> [Problem to solve] Please write out, exactly as given, every line of the entries below up to and including the line with "1953 ROYAL COPENHAGEN".
______
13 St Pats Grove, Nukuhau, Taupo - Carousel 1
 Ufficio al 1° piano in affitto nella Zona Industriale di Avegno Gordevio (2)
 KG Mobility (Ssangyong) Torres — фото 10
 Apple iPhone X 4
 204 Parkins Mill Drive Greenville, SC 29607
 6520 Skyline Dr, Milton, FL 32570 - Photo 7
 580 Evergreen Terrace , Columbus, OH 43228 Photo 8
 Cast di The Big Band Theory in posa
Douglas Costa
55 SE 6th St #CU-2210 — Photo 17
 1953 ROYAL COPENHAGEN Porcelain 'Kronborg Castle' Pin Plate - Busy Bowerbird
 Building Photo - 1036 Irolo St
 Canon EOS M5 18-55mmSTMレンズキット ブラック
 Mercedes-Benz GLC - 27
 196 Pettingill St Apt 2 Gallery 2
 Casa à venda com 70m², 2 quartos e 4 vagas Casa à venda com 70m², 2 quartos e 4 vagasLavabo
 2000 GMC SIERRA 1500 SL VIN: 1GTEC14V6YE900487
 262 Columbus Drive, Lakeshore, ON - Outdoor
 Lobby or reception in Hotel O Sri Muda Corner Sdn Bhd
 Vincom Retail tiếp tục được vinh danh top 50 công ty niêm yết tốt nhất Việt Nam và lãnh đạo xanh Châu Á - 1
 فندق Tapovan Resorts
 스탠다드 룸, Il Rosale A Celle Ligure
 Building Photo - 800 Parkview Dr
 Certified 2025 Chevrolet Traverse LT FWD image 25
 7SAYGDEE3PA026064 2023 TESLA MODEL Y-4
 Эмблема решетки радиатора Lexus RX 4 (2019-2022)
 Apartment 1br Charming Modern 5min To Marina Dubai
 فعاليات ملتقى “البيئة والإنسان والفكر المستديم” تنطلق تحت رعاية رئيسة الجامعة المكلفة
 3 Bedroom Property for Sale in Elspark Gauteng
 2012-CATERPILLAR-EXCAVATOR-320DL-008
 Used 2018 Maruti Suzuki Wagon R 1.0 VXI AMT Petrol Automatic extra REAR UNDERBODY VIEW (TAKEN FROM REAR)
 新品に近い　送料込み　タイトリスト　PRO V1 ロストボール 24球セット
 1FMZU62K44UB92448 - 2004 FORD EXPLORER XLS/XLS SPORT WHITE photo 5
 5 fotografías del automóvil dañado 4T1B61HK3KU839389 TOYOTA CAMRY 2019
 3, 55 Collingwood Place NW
______
> [Written solution]
13 St Pats Grove, Nukuhau, Taupo - Carousel 1
 Ufficio al 1° piano in affitto nella Zona Industriale di Avegno Gordevio (2)
 KG Mobility (Ssangyong) Torres — фото 10
 Apple iPhone X 4
 204 Parkins Mill Drive Greenville, SC 29607
 6520 Skyline Dr, Milton, FL 32570 - Photo 7
 580 Evergreen Terrace , Columbus, OH 43228 Photo 8
 Cast di The Big Band Theory in posa
Douglas Costa
55 SE 6th St #CU-2210 — Photo 17
 1953 ROYAL COPENHAGEN Porcelain 'Kronborg Castle' Pin Plate - Busy Bowerbird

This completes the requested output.